Oh, what a day. Early on, Ross Fisher had seemed destined to claim the great prize when he started birdie-birdie. As he stood on the fifth tee, he held a two- stroke lead and was playing with a rhythm and fluidity that suggested he was in control.
However, Fisher ran up a quadruple bogey eight on the fifth – a par four that played the toughest hole of all throughout the championship – and, thereafter, he was relegated to bit player in the drama.
Thereafter, Westwood – who birdied the sixth and eagled the seventh – sought to take a grasp of affairs only for the Englishman to falter over the closing stretch with three bogeys over his last four holes. Westwood was to shoot a closing 71 for 279, where he was joined in tied-third by Wood who finished with a fine 67.
But, though it all, Old Tom stuck to his task. Watson hit fairway after fairway, hit green after green . . . . and, most crucially of all, his putter held good. Until the death, that is.
Just as you are required to do in a major, Cink reserved his best play for the back nine of the final round. Even when he stumbled and seemed certain to be cast aside, he recovered. Having bogeyed the 10th, he responded by birdieing the 11th. After another birdie on the 13th, he then bogeyed the 14th. His response was to birdie the 15th. Then, he bogeyed the 16th – where he drove into a gorse bush – and failed to birdie the par five 17th. It looked as if he’d missed his chance.

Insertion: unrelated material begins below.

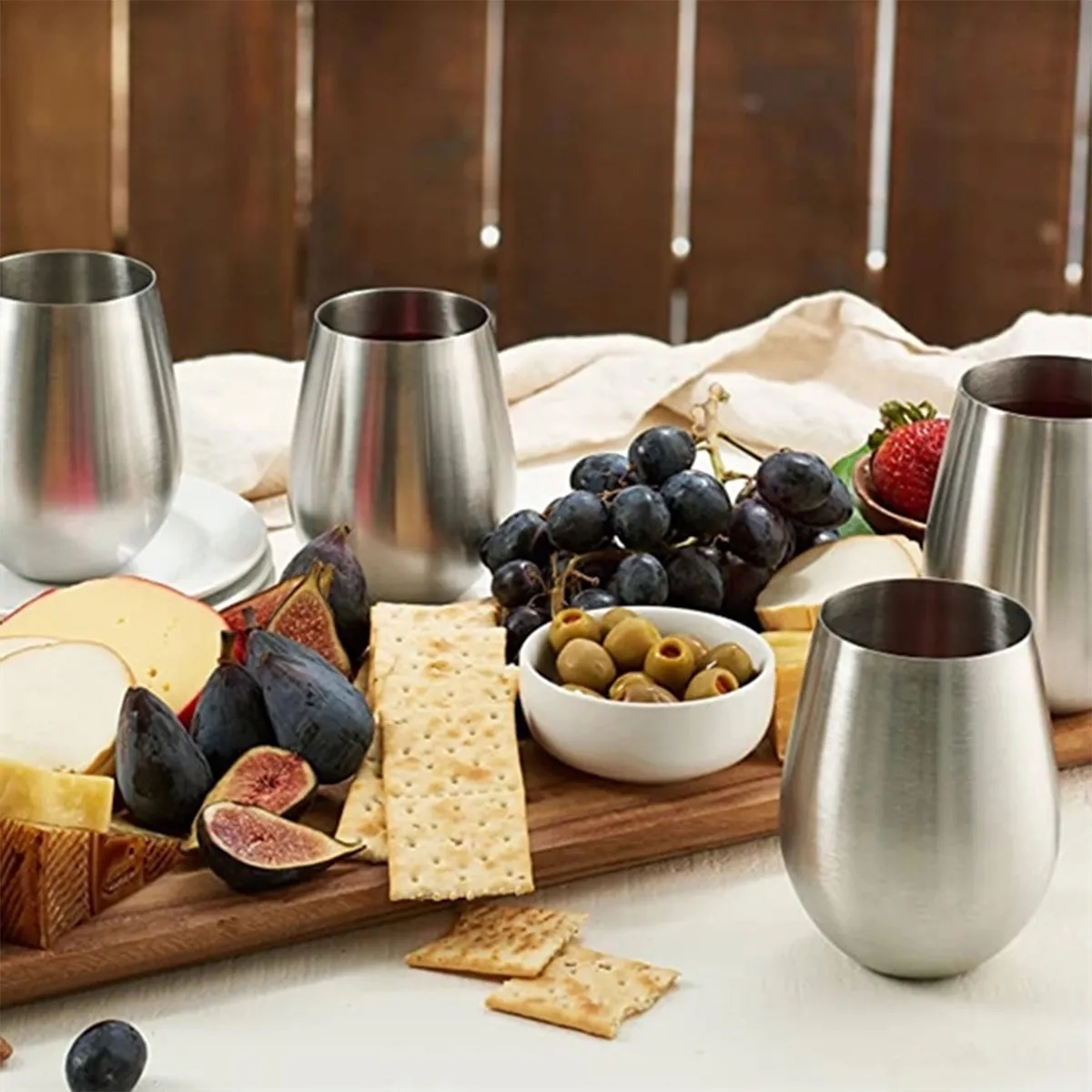 18oz Stainless Steel Home Kitchen Wine Glass Bar Drink Cup 2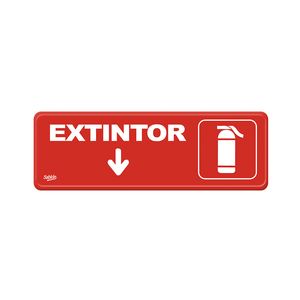 Señal Plastico Extintor 23X7.5Cm 306.7907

Cink, as we’ve found in Ryder Cup matches, is not one to drop the head. On the 18th, in regulation, he found the fairway off the tee with an iron and then hit a nine-iron approach to 12 feet. He sank the birdie putt, and posted the clubhouse mark – with Westwood, Watson et al in the three groups behind – that was there to be beaten, but never was.

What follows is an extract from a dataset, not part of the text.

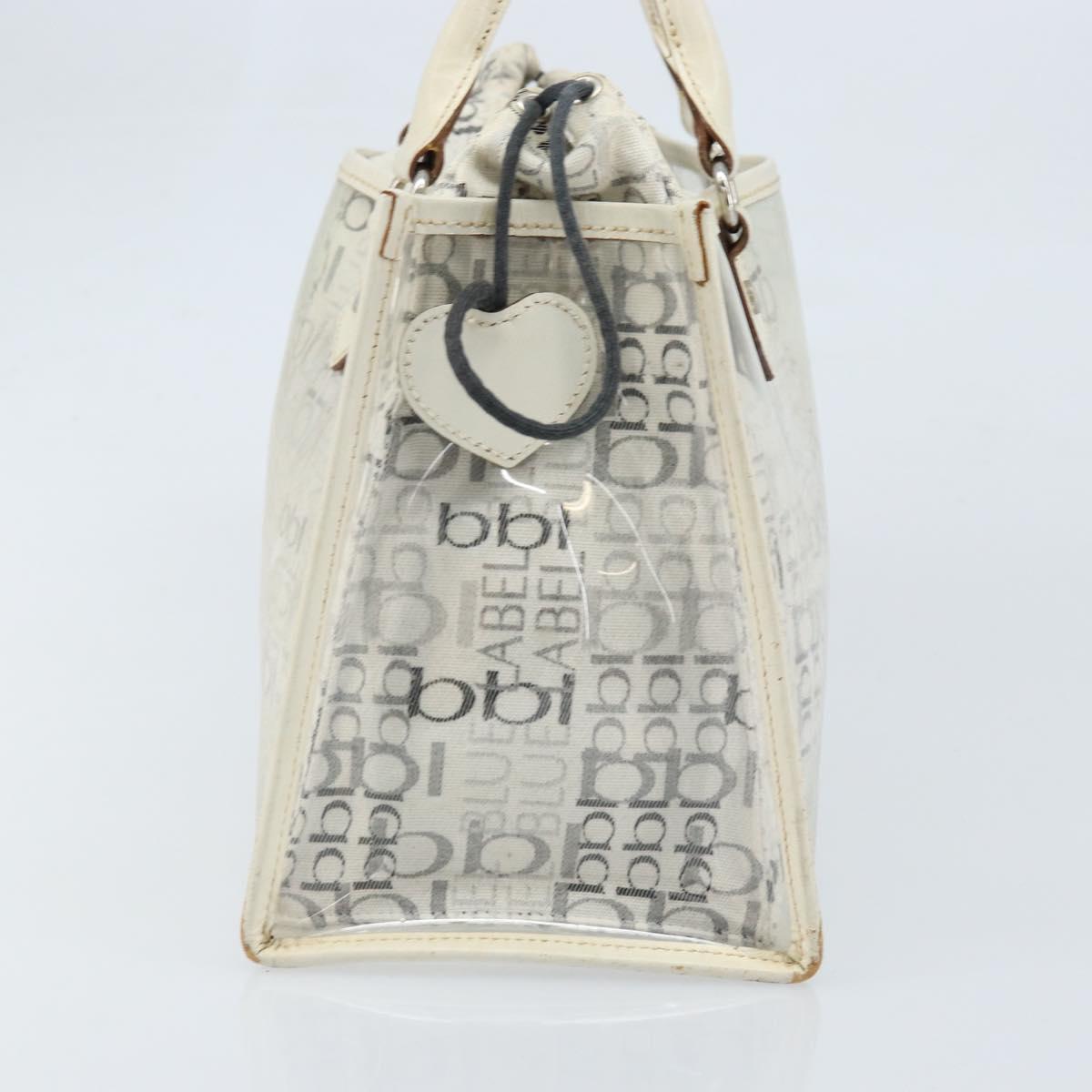 BURBERRY Hand Bag Vinyl Clear Auth LNZ033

Westwood, playing in the penultimate pairing with Fisher, suffered a three-putt bogey on the last which would rule him out of the play-off. And, then, Watson – who birdied the 17th to move to three-under, and in sole possession of the lead – suffered a bogey five on the finishing hole, where his approach took a hard bounce and ran through the green and barely into the first cut of rough. Watson chose to use a putter, his Texas wedge, for the third shot. But it was overhit, finishing 10 feet beyond the hole. And the putter that had served him so well then let him down. The bogey left him in a play-off with Cink.
But the play-off – which took in the fifth, sixth, 17th and 18th holes – proved to be a one-sided affair, as Watson immediately gave Cink the initiative when failing to get up-and-down from a greenside bunker at the first play-off hole.
The real damage, however, was done on the 17th where Watson hooked his tee-shot into rough and could only move his recovery shot a few yards into yet more rough. Watson could only muster a double-bogey seven, while Cink birdied . . . and finished in style with another birdie on the 18th.
“I’ve never heard my name tossed in there with the best guys who’d never won a major . . . but I believed I had something good this week, I felt so calm. I never felt nervous at all. I felt totally at peace . . . on the front nine, even after the bogeys on the 14th and 16th. I felt calm the whole way. Someone at a major always has that peace and, this time, I had it.”
For Watson, there was acceptance, but also regret. “It would have been a hell of a story, wouldn’t it? It would have been a hell of a story. It wasn’t to be. And yes, it’s a great disappointment. It tears at your gut, as it always has torn at my gut. It’s not easy to take.” No doubt, Old Tom Morris and the others would agree with Old Tom Watson. So, too, you feel, would Cink.